Exercise goal
Go to the line below containing "Changing sky in Photoshop" and print exactly from there through the line containing "Carte MICHELIN Gunung Sereng - ViaMichelin", both included. Print nothing else.

Records shown
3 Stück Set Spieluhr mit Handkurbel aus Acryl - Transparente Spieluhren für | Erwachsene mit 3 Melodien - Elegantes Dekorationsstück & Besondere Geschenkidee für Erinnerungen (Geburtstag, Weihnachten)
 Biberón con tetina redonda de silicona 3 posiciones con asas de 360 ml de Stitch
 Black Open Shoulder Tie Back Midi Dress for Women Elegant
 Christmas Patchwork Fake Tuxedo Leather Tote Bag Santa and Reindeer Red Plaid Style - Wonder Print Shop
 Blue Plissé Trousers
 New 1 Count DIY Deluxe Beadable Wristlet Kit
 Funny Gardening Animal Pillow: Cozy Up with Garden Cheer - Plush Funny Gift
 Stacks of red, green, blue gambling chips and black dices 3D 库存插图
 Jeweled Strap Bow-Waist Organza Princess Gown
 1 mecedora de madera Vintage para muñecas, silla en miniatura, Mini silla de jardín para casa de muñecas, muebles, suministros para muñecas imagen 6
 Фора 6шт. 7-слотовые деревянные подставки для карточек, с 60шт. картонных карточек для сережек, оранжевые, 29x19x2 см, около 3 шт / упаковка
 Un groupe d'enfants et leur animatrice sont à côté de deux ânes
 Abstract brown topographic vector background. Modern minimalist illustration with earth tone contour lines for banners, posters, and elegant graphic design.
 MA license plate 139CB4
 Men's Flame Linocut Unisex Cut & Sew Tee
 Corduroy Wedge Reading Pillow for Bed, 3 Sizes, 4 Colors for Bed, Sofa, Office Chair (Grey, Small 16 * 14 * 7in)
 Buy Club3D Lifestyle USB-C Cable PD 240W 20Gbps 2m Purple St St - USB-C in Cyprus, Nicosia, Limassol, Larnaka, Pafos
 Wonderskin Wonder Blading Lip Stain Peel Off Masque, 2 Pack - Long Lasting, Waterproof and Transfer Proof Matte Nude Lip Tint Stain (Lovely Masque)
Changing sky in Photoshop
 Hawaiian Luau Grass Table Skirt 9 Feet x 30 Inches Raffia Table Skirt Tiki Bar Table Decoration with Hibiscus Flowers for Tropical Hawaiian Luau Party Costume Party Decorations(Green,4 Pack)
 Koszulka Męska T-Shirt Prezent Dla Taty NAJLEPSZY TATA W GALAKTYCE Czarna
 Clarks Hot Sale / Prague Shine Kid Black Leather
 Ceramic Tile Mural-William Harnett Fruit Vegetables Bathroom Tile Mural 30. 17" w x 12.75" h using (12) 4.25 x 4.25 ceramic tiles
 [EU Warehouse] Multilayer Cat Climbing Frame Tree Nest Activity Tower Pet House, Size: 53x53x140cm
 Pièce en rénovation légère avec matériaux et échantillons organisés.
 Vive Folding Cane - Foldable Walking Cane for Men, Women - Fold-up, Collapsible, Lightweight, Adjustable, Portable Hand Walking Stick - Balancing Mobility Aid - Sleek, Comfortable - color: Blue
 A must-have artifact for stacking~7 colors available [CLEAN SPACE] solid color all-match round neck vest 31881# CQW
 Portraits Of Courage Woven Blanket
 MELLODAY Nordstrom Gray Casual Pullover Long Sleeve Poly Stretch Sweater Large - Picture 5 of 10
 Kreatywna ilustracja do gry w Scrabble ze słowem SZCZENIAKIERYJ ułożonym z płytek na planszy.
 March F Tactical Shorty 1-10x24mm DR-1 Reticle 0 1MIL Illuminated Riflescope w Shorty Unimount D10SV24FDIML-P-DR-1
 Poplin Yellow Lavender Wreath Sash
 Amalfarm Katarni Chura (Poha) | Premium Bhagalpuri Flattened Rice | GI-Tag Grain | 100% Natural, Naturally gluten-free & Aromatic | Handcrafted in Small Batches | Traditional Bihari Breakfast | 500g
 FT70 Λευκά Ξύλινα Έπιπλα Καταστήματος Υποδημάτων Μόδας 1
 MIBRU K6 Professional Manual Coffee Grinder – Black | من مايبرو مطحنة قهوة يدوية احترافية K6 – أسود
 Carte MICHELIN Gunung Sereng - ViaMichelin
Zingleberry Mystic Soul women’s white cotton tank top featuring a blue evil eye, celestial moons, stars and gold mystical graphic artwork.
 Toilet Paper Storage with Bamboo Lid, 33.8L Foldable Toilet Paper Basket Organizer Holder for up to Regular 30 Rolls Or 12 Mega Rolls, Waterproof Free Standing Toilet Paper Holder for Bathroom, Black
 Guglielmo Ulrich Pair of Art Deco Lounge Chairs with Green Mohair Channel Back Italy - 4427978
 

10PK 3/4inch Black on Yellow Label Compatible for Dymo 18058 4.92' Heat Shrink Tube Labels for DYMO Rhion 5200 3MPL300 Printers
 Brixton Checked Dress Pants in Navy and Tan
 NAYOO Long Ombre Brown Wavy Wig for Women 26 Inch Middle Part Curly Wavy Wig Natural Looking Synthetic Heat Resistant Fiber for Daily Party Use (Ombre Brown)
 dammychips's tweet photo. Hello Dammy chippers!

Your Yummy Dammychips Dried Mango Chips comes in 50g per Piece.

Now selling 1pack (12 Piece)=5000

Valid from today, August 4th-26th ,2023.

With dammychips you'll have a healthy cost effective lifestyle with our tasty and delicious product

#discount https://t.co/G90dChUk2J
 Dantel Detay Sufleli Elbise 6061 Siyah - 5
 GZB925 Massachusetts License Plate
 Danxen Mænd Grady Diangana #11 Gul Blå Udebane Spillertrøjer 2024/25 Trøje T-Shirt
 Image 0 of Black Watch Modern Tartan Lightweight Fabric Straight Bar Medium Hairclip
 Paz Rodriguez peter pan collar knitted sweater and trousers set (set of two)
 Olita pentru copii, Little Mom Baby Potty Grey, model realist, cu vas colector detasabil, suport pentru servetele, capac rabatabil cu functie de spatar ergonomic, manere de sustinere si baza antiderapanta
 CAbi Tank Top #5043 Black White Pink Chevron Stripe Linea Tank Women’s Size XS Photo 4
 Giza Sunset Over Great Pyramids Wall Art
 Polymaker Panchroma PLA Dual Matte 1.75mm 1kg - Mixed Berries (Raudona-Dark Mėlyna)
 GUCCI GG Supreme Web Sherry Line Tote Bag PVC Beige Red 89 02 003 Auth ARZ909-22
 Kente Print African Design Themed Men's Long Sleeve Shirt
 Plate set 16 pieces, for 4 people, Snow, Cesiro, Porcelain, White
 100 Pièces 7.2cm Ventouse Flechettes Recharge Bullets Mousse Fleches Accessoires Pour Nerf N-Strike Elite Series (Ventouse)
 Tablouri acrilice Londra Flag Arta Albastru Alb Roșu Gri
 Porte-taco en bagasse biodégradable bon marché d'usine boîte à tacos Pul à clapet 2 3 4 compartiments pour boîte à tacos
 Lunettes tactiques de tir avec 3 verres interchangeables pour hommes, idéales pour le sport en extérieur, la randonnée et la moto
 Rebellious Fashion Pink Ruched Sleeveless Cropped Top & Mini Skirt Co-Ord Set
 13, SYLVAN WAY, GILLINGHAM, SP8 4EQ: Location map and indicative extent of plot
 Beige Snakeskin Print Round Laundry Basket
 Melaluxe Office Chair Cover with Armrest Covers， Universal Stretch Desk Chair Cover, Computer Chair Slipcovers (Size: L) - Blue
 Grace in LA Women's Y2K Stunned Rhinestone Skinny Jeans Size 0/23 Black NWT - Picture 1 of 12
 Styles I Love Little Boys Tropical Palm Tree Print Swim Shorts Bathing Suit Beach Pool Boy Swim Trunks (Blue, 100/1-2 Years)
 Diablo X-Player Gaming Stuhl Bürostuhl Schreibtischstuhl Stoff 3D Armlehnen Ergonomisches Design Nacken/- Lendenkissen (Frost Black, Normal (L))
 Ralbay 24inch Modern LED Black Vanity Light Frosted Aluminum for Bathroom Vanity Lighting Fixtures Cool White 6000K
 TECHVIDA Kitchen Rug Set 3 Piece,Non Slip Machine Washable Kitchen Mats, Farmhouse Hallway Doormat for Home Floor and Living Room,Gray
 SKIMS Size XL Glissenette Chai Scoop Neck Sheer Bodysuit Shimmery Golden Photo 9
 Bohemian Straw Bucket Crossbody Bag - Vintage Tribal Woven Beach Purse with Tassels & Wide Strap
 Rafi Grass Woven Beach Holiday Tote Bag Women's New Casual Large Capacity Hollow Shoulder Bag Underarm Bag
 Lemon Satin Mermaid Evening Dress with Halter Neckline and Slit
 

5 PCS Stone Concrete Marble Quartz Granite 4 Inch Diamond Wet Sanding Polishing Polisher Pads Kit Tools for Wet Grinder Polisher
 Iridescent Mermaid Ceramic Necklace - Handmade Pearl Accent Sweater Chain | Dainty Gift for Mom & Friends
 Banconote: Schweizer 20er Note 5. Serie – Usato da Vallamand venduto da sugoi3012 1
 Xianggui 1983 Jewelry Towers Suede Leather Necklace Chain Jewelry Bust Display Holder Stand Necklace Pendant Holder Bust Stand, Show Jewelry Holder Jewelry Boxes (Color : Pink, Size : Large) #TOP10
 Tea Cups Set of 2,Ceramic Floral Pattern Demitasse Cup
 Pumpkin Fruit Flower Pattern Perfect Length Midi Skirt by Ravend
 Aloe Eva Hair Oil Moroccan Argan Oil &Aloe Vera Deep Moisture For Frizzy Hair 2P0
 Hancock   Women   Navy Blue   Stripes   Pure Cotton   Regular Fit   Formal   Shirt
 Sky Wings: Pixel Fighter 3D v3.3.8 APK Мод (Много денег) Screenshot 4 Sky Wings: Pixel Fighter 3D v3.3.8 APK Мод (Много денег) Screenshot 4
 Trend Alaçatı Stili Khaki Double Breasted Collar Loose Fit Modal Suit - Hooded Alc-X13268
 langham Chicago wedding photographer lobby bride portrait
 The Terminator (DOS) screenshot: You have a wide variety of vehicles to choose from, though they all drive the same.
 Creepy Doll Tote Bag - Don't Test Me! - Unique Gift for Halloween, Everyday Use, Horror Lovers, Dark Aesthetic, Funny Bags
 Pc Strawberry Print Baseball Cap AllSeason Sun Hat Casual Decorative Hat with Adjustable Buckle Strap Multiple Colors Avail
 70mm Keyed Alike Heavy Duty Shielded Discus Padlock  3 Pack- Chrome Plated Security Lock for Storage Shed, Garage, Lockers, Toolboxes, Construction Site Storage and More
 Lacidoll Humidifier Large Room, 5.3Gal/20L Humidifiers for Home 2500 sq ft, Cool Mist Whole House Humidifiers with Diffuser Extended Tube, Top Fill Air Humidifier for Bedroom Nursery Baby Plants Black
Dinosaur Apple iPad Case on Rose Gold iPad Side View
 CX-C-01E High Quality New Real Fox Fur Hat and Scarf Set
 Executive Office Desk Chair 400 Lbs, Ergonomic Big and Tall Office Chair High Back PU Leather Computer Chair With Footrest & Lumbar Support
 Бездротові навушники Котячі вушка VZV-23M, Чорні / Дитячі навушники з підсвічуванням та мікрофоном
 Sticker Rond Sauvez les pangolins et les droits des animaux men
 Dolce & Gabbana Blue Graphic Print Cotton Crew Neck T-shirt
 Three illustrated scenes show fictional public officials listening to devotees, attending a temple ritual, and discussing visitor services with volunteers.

Reply to the task
Changing sky in Photoshop
 Hawaiian Luau Grass Table Skirt 9 Feet x 30 Inches Raffia Table Skirt Tiki Bar Table Decoration with Hibiscus Flowers for Tropical Hawaiian Luau Party Costume Party Decorations(Green,4 Pack)
 Koszulka Męska T-Shirt Prezent Dla Taty NAJLEPSZY TATA W GALAKTYCE Czarna
 Clarks Hot Sale / Prague Shine Kid Black Leather
 Ceramic Tile Mural-William Harnett Fruit Vegetables Bathroom Tile Mural 30. 17" w x 12.75" h using (12) 4.25 x 4.25 ceramic tiles
 [EU Warehouse] Multilayer Cat Climbing Frame Tree Nest Activity Tower Pet House, Size: 53x53x140cm
 Pièce en rénovation légère avec matériaux et échantillons organisés.
 Vive Folding Cane - Foldable Walking Cane for Men, Women - Fold-up, Collapsible, Lightweight, Adjustable, Portable Hand Walking Stick - Balancing Mobility Aid - Sleek, Comfortable - color: Blue
 A must-have artifact for stacking~7 colors available [CLEAN SPACE] solid color all-match round neck vest 31881# CQW
 Portraits Of Courage Woven Blanket
 MELLODAY Nordstrom Gray Casual Pullover Long Sleeve Poly Stretch Sweater Large - Picture 5 of 10
 Kreatywna ilustracja do gry w Scrabble ze słowem SZCZENIAKIERYJ ułożonym z płytek na planszy.
 March F Tactical Shorty 1-10x24mm DR-1 Reticle 0 1MIL Illuminated Riflescope w Shorty Unimount D10SV24FDIML-P-DR-1
 Poplin Yellow Lavender Wreath Sash
 Amalfarm Katarni Chura (Poha) | Premium Bhagalpuri Flattened Rice | GI-Tag Grain | 100% Natural, Naturally gluten-free & Aromatic | Handcrafted in Small Batches | Traditional Bihari Breakfast | 500g
 FT70 Λευκά Ξύλινα Έπιπλα Καταστήματος Υποδημάτων Μόδας 1
 MIBRU K6 Professional Manual Coffee Grinder – Black | من مايبرو مطحنة قهوة يدوية احترافية K6 – أسود
 Carte MICHELIN Gunung Sereng - ViaMichelin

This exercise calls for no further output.